> [Exercise] Further down are entries; set down exactly and only the lines from the one with "Rory McIlroy plays his approach on 17" up to and including the one with "Tiffany & Co.", dropping each picture.

> [Collection entries]
══════════════════════════════
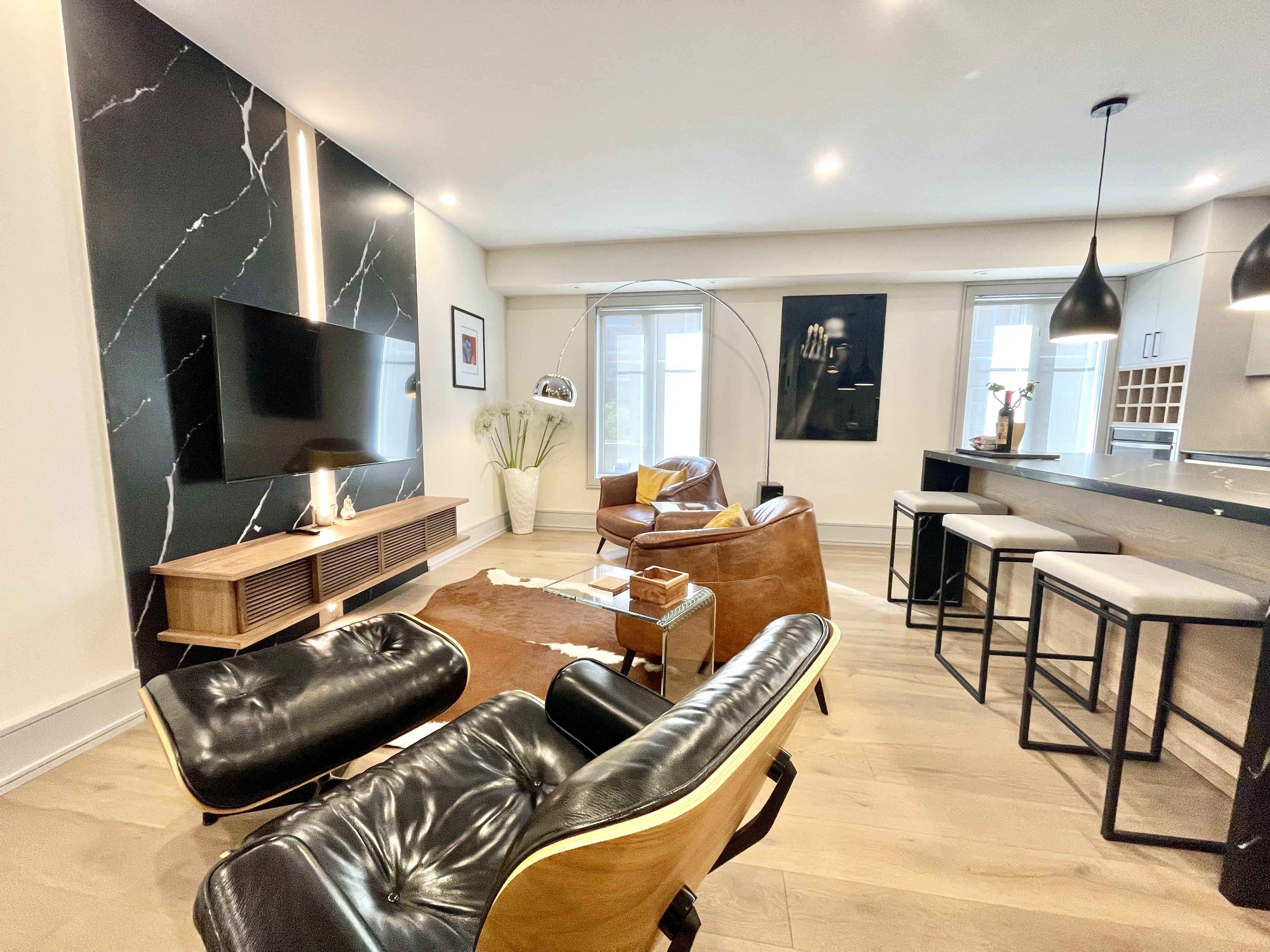The living room features modern d&eacute;cor with sleek black marble accents, tan leather chairs, a stylish lounge chair, and an open kitchen with bar stools under pendant lighting.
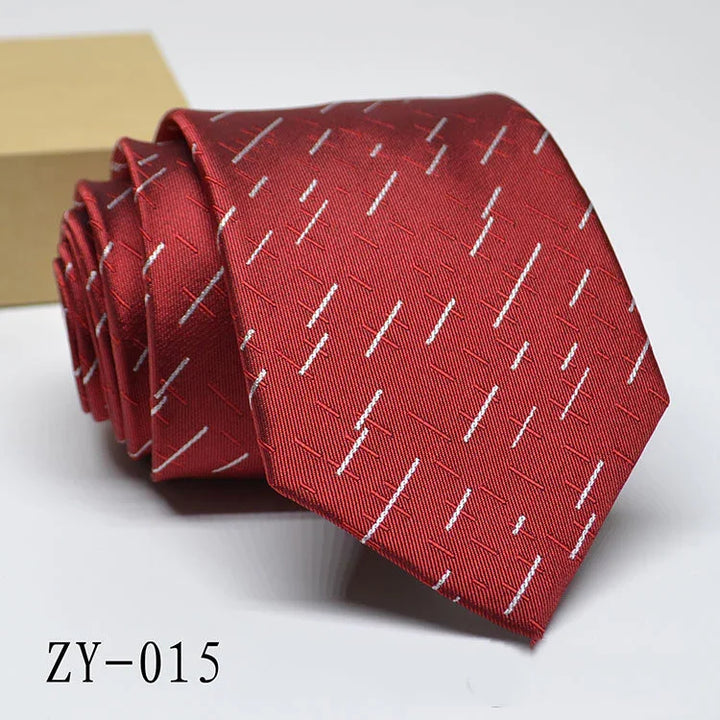 Red silk necktie with white diagonal stitch pattern, neatly rolled on white background
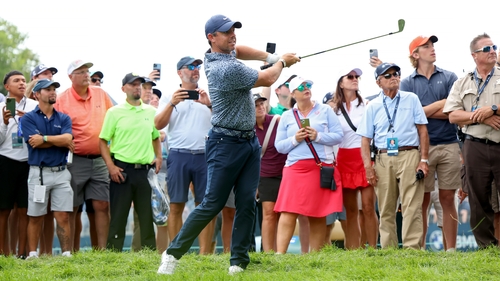 Rory McIlroy plays his approach on 17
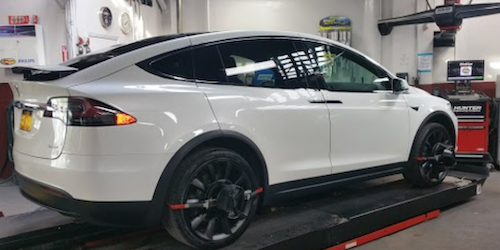 Tesla electric vehicle in the shop for Hunter Wheel Alignment service at Precision Auto Works 11101.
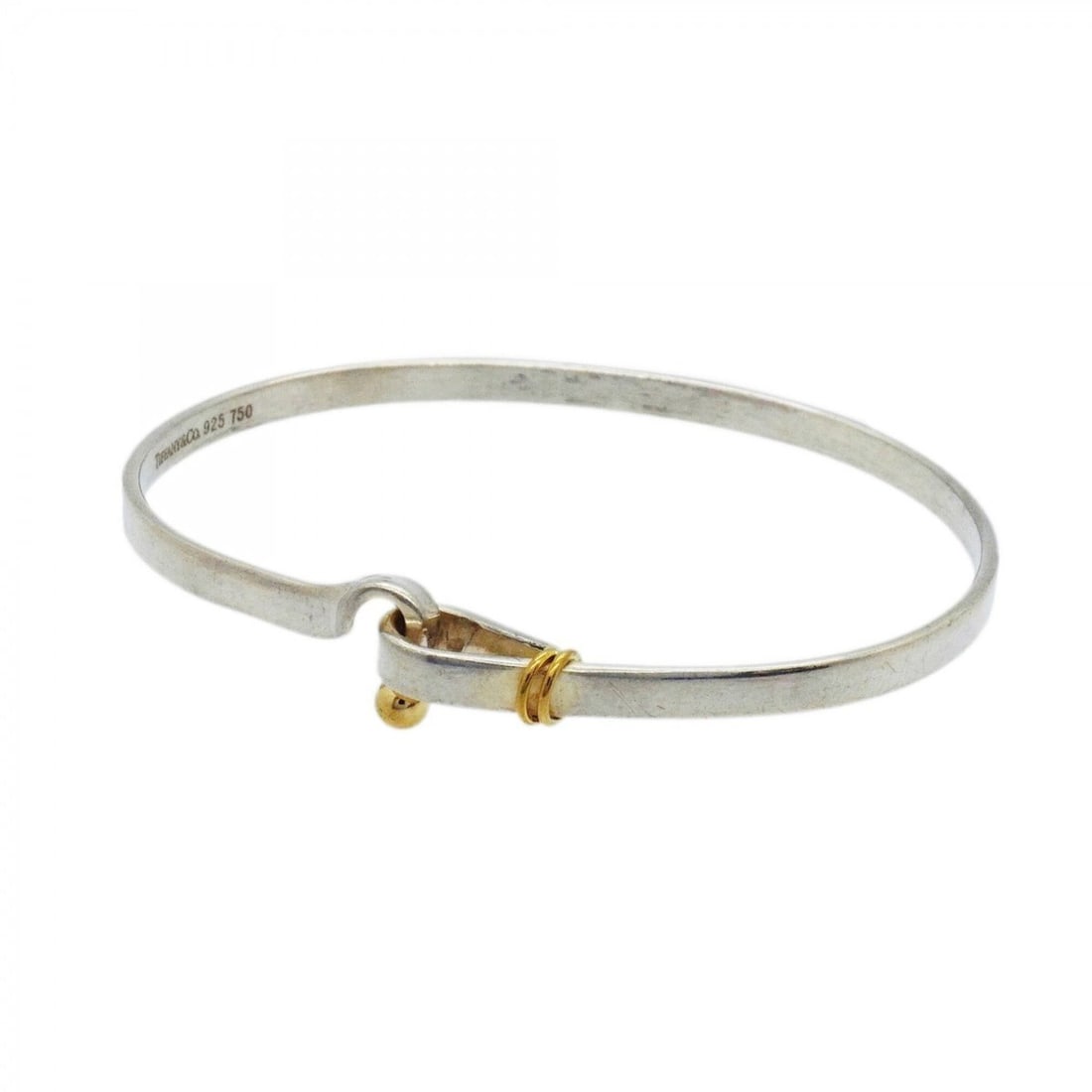 Tiffany & Co. Hook Eye Bangle, 18K Yellow Gold (KYG), Sterling Silver 925, for Men and Women: --- Catalog ---Category: SizeLength: 17.5cm / 6.88''Category: DesignType: BangleGender: Men,WomenMaterial: Silver 925, Yellow gold (18K)Category: GeneralBrand: Tiffany--- Item List ---Section: Conditi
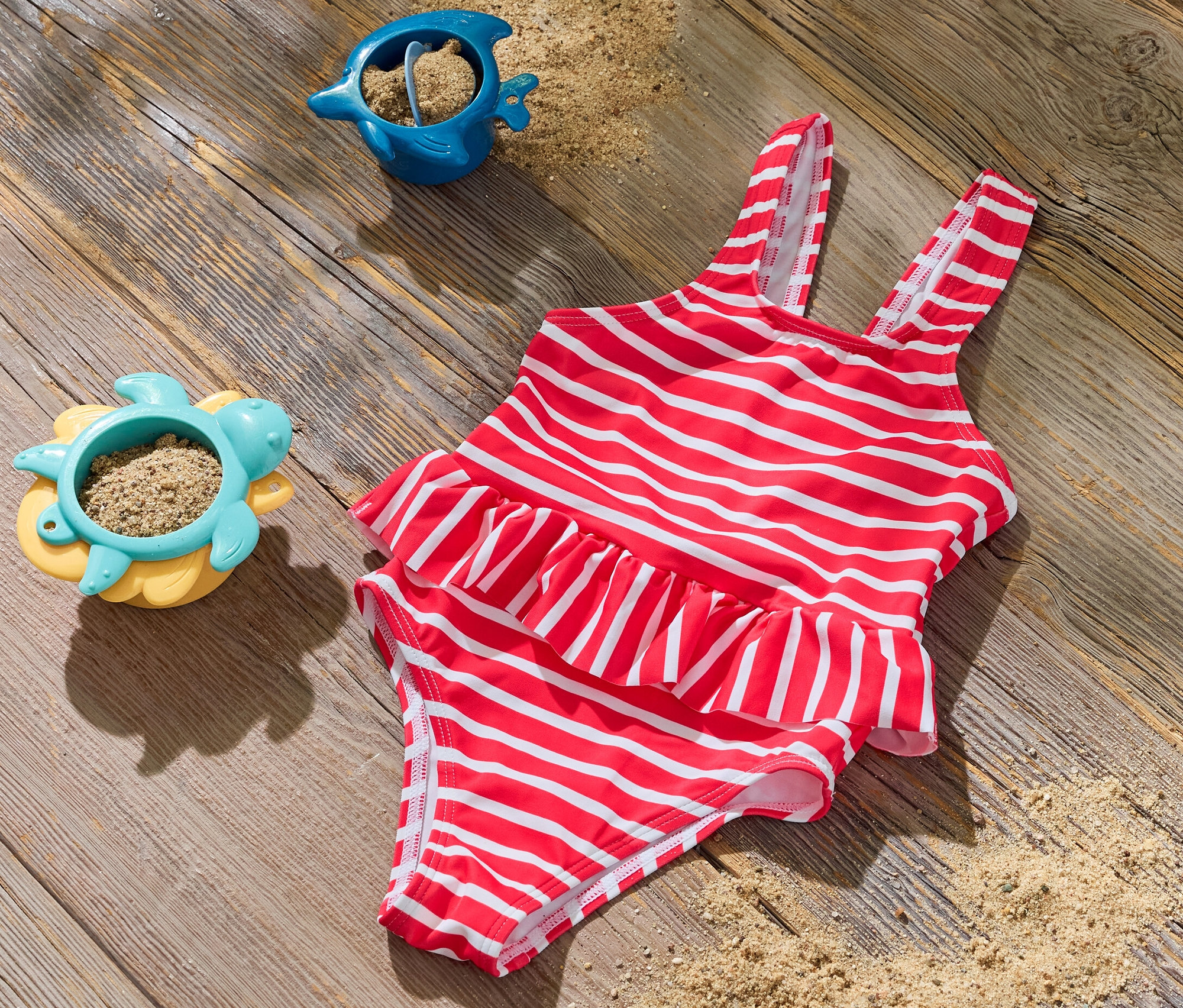 Un maillot de bain pour enfant rayé rouge et blanc est posé sur une surface en bois à côté de deux jouets de sable.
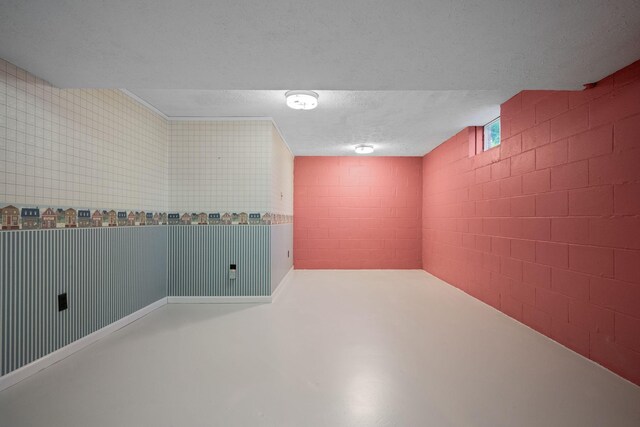 915 Taylor Cir, Burns, TN 37029 - basement featuring concrete block wall and a textured ceiling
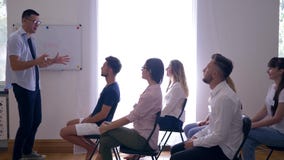Treinamento do negócio, treinador que explica o desenvolvimento de ideias do negócio para colegas na aprendizagem ativa no seminá video estoque Treinamento do negócio, treinador que explica o desenvolvimento de ideias do negócio para colegas na aprendizagem ativa no seminá video estoque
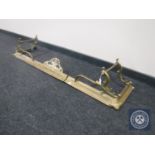 An early 20th century brass extending fire curb together with a brass jug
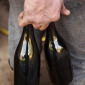 Hands and bottles of a French winemaker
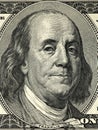 Close up overhead view of Benjamin Franklin face on 100 US dollar bill. US one hundred dollar bill closeup Royalty Free Stock Photo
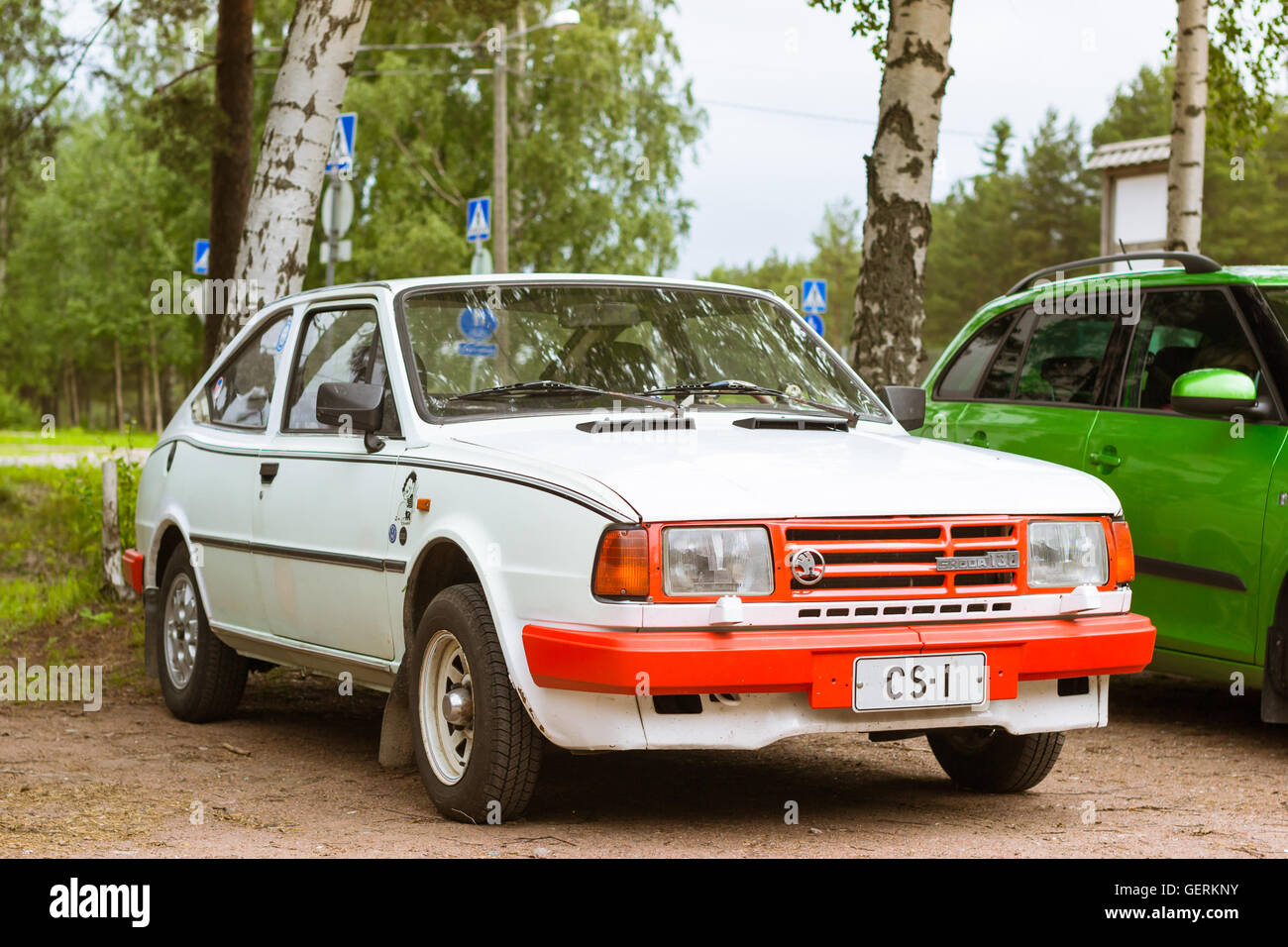 KOTKA, FINLAND - JUNE 14, 2014: Skoda 130 coupe car parked on shore of Finnish gulf. Festival and exhibition of retro-club Stock Photo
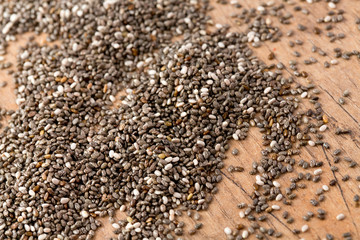 chia seeds on wooden surface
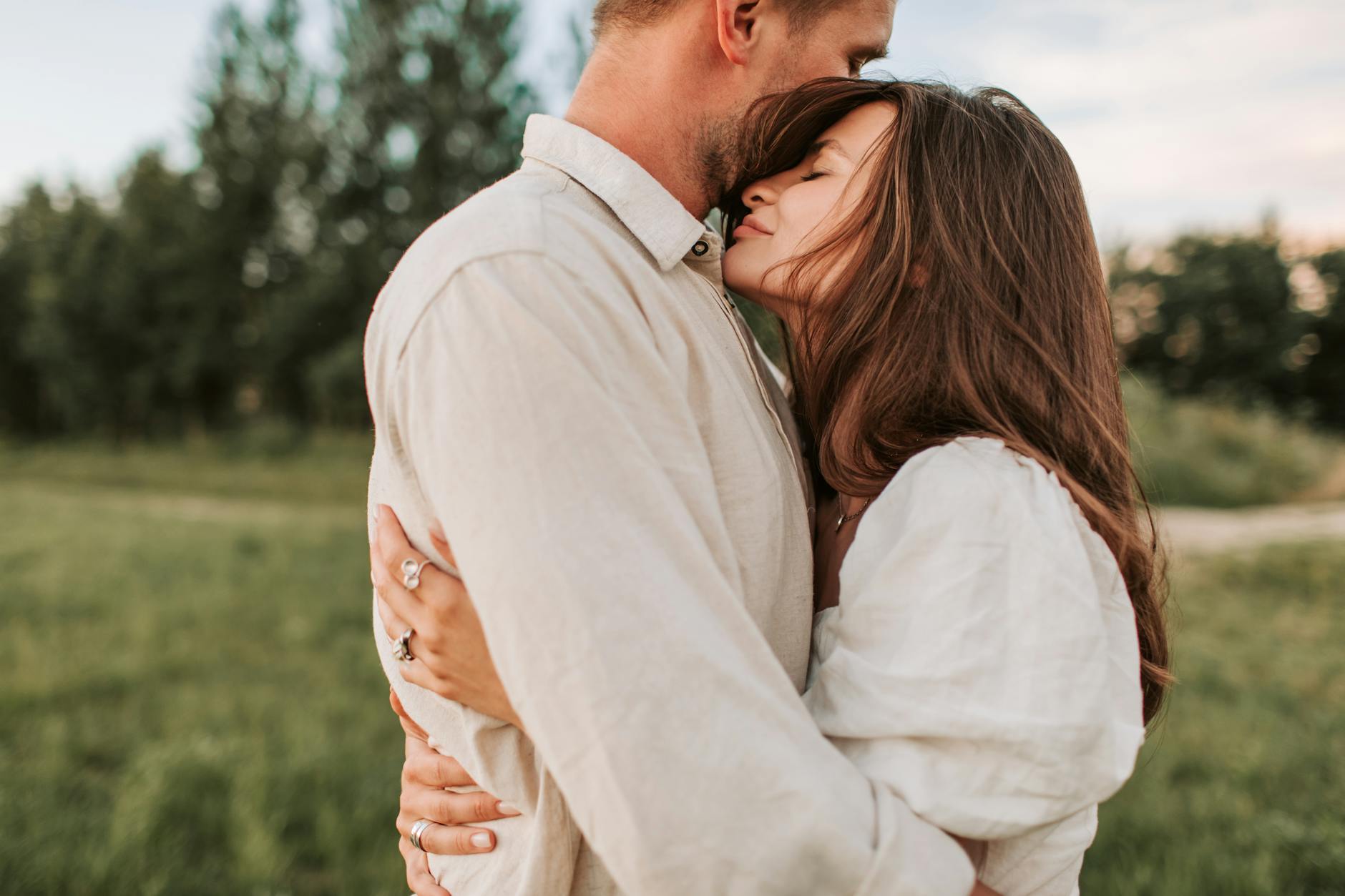 A loving couple shares an intimate embrace in a serene outdoor setting, symbolizing affection and connection. - secure attachment style
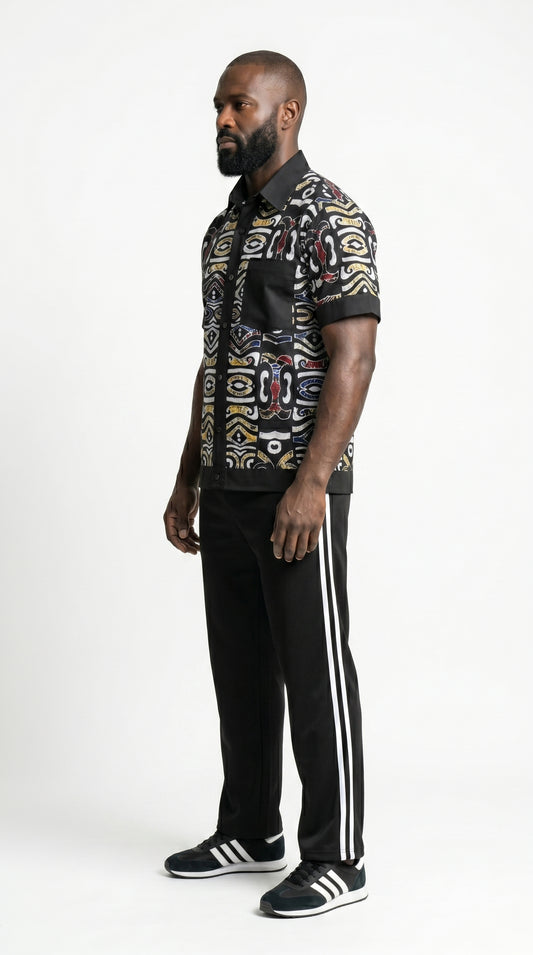 Shirt featuring a short-sleeved button-down silhouette dominated by an abstract, geometric Ankara pattern in white, yellow, and red tones, framed by a solid black collar, pocket, placket, and sleeve bands.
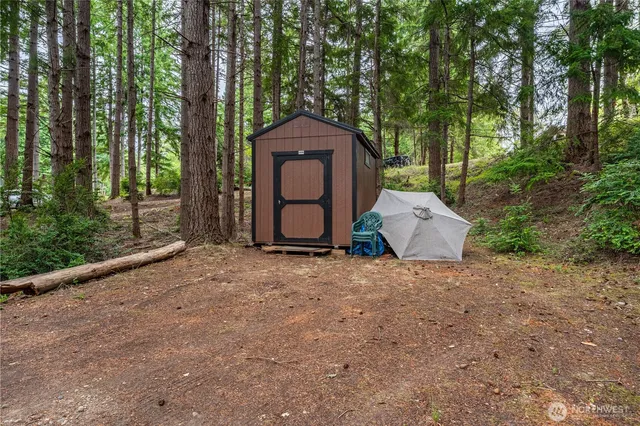 a backyard of a house with a garden and deck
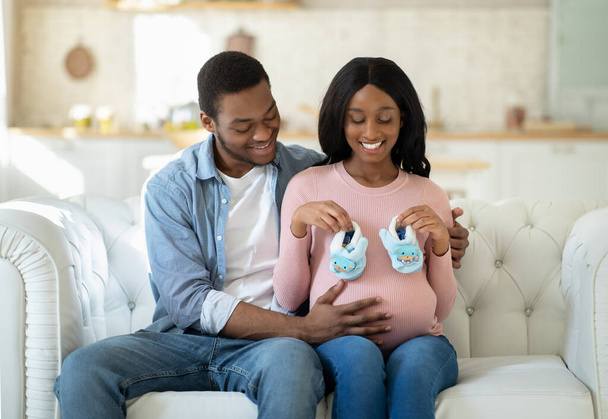 Heureux couple noir attendant un nouvel enfant, assis sur le canapé ensemble et tenant des chaussons bébé - Photo, image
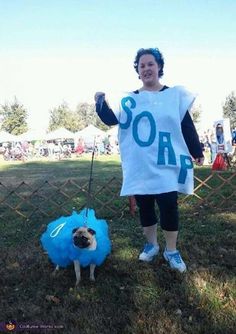 a woman standing next to a small dog wearing a shirt with the number 30 on it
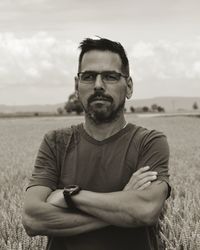 Portrait of young man standing on field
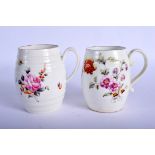 Derby good mug of barrel shape painted with a large rose centred floral spray and another earlier e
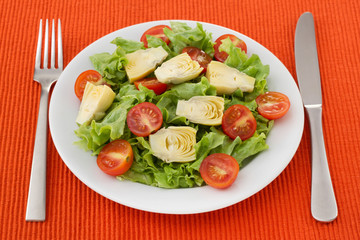 salad with artichoke on the white plate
══════════════════════════════
> [Written reply]
 Rory McIlroy plays his approach on 17
 Tesla electric vehicle in the shop for Hunter Wheel Alignment service at Precision Auto Works 11101.
 Tiffany & Co. Hook Eye Bangle, 18K Yellow Gold (KYG), Sterling Silver 925, for Men and Women: --- Catalog ---Category: SizeLength: 17.5cm / 6.88''Category: DesignType: BangleGender: Men,WomenMaterial: Silver 925, Yellow gold (18K)Category: GeneralBrand: Tiffany--- Item List ---Section: Conditi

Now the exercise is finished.